A comédia retrata um momento difícil, tanto para o forasteiro
como para o país que o recebe. A crise institucional, religiosa e econômica não
poupa ninguém. A falta de identidade das pessoas, como no personagem Wilson (Tahar
Rahim- melhor revelação e melhor ator no César pela atuação em O Profeta, de 2009), um argelino que
virou brasileiro, com o pretexto de obter sucesso junto às mulheres, além
disso, intitula-se um artífice, mas obtém alguns resultados desastrosos. O
filme tem uma coloração levemente abrasileirada, tanto pelo rapaz espertinho,
como na trilha pelas canções de Gilberto Gil e Jorge Ben Jor, além do
protagonista que tem no nome o orgulho de ser um gênero musical derivado de um
tipo de dança com raízes africanas consagradas no Brasil.
Intocáveis aborda
um tema universal que é o reingresso na sociedade de um ex-apenado, tendo
agravada a situação por ser um negro naturalizado, oriundo de um país africano
e ex-colônia francesa. Samba é leve e
provocativo concomitantemente. Às vezes, desliza na simplicidade de um olhar
com ternura para uma amizade do protagonista com Alice, através de uma relação
próxima que estreita os vínculos e busca uma naturalidade para a aproximação,
ou uma causa específica arraigada ao futuro de ambos. Há situações de risos
desbragados contrastando com um silêncio preocupante de vidas na busca da
felicidade efêmera, com situações do cotidiano que as tornam vazias e sem
sentido.
O filme é simples na sua estética, deixando as metáforas
afastadas do enredo, indo direto ao ponto como o choque migratório numa nova cultura.

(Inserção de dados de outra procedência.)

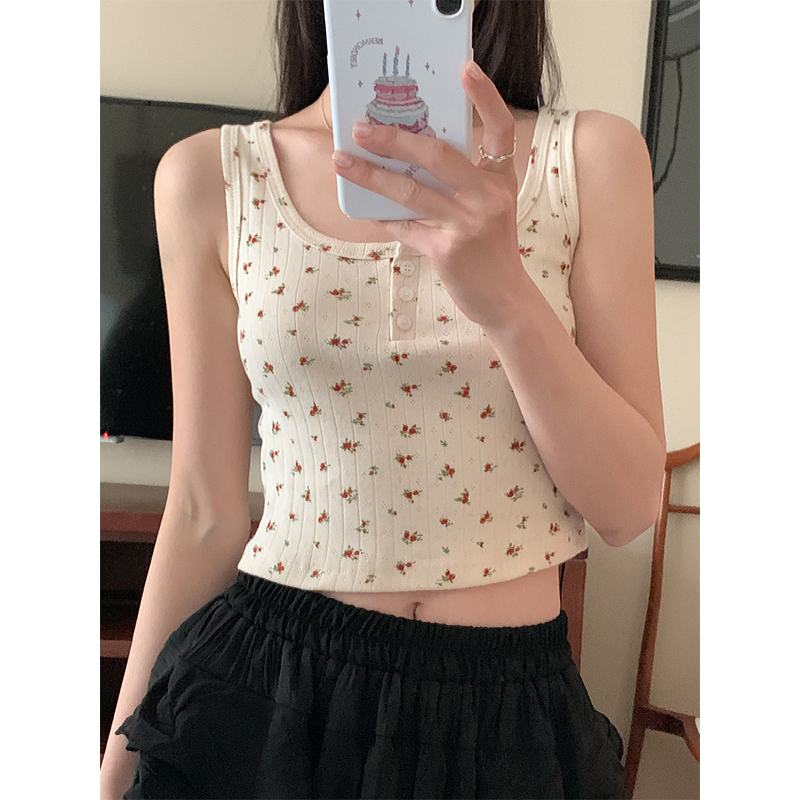 Real shot of summer slim-fitting camisole for women with short outer floral top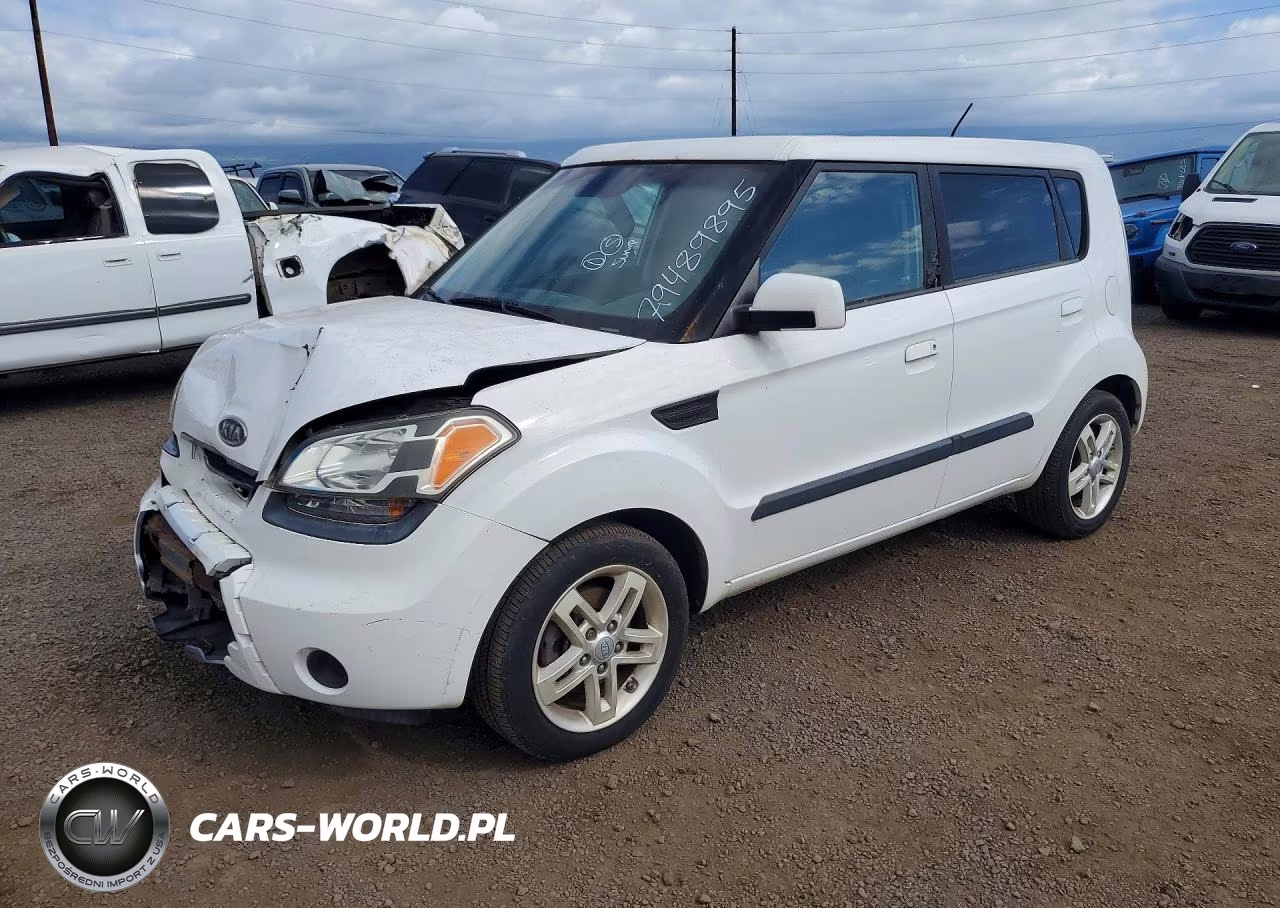 2010 Kia Soul +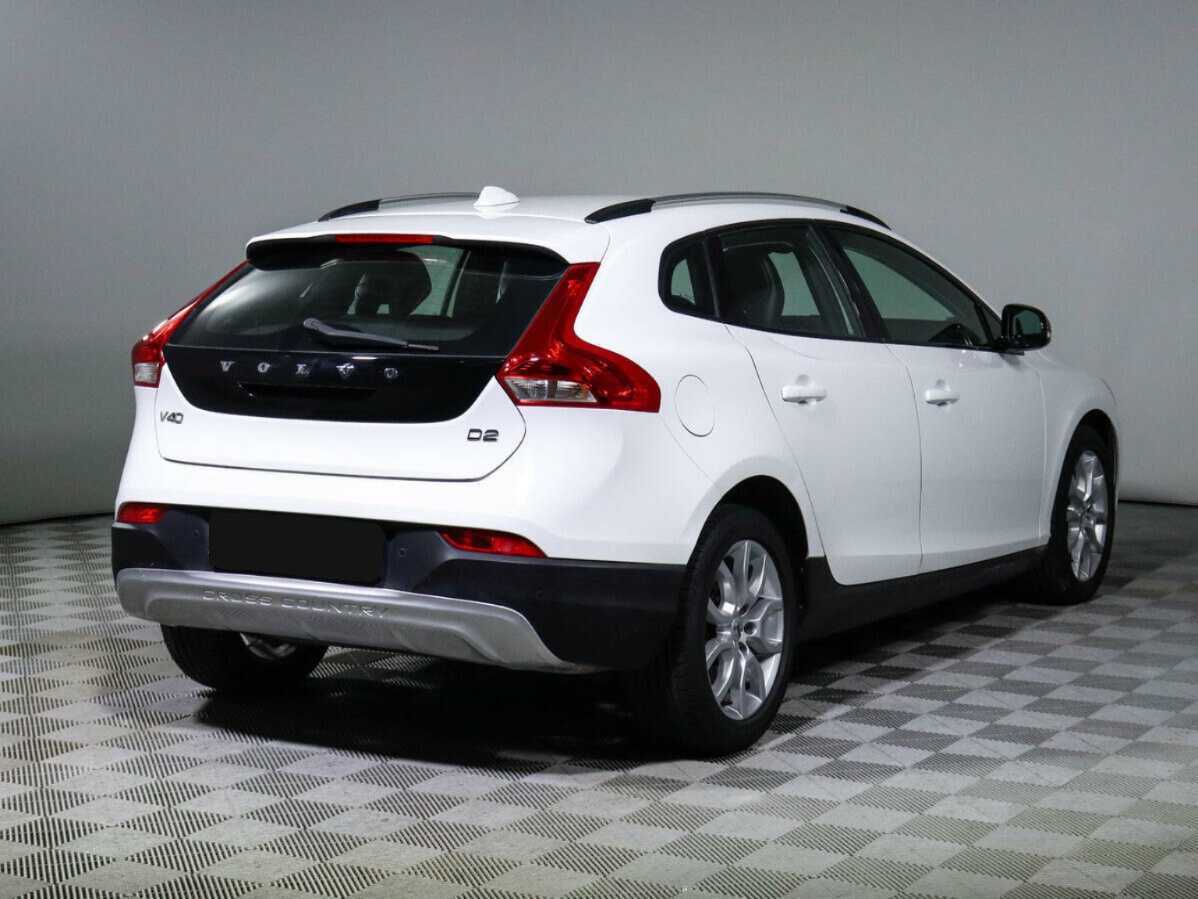 Volvo V40 Cross Country с пробегом — 2016 год. Фото: #3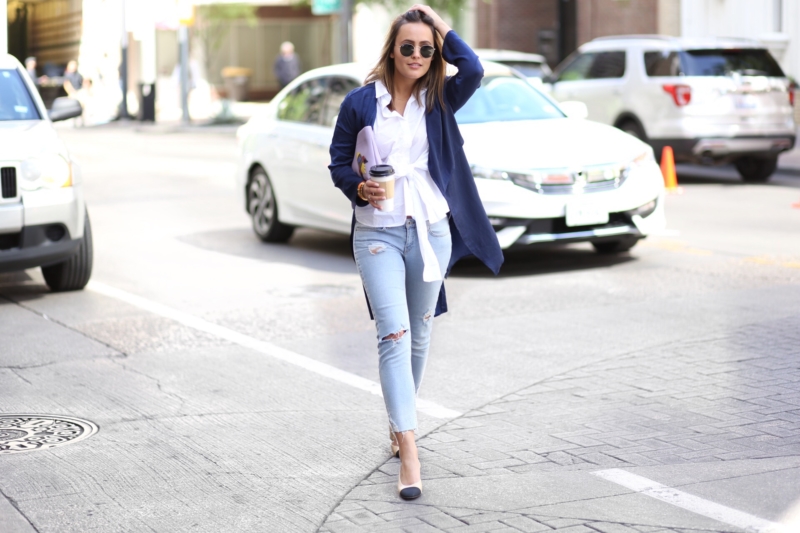 Streetstyle - Jeans, Pumps, SOnnenbrille, Bluse, Cardigan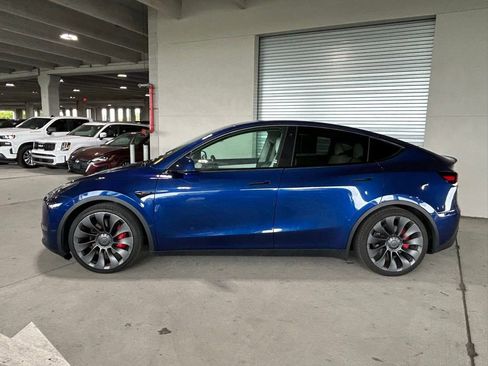 Used 2021 Tesla Model Y Performance image 7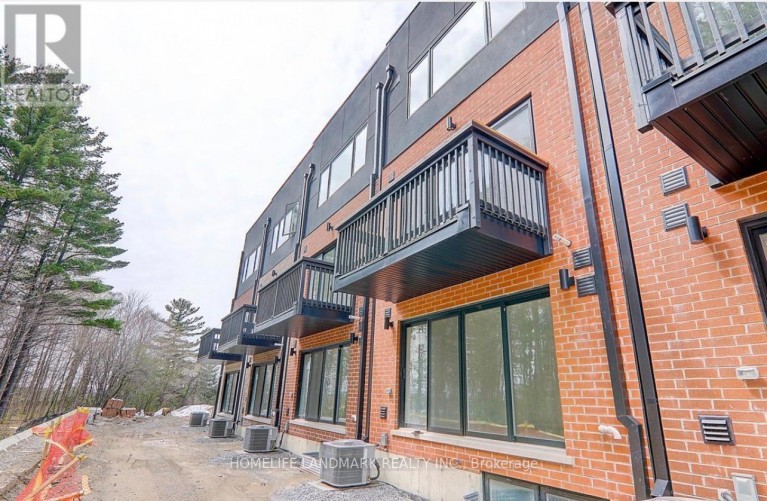 29 CHESTNUT COURT, Aurora, Ontario, L4G4A4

Não há grandes rodeios ou simbologias das desgraças sociais com a perda
objetiva de uma identidade. As piadas são razoáveis, às vezes beira a tênue
linha divisória do pastelão para uma sutileza mais apropriada, sem estigmatizar
pela rudeza, mas no contexto funciona como um elemento de descontração e bom
humor para analisar um triste e doloroso contexto enfrentado pelo mundo globalizado
e em crise de referências éticas, marcado por uma recessão extraordinária em
todos os continentes.
O longa não tem a profundidade de um filme como O Porto (2011), do finlandês Aki
Karismäki, que aborda o sofrimento e a ojeriza de uma casta que vira as costas,
fruto da xenofobia racial, com um olhar de misericórdia e esperança; nem de
Claire Denis no instigante Minha Terra,
África (2009); ou do arrasador O
Segredo do Grão (2007), do tunisiano Abdellatif Kechiche; ou ainda do
contundente Cachê (2003), de Michael
Haneke. Samba tem méritos inegáveis
ao abordar como mote uma relação de duas pessoas opostas que se conhecem fortuitamente.
Embora a inclusão social para um trabalho digno de um imigrante seja o tema
principal, não há uma profundidade acentuada, distante de um resultado
reflexivo além do razoável na abordagem da superação e do conflito, nesta boa obra
cômica, que repele dogmas normativos pela visão crítica da falência das
instituições e pela arrogância fleumática de uma sociedade conservadora, ao mostrar
o desequilíbrio diante do preconceito racial que faz emergir o ódio e o repúdio
aos não nativos que buscam se estabelecerem em solo francês.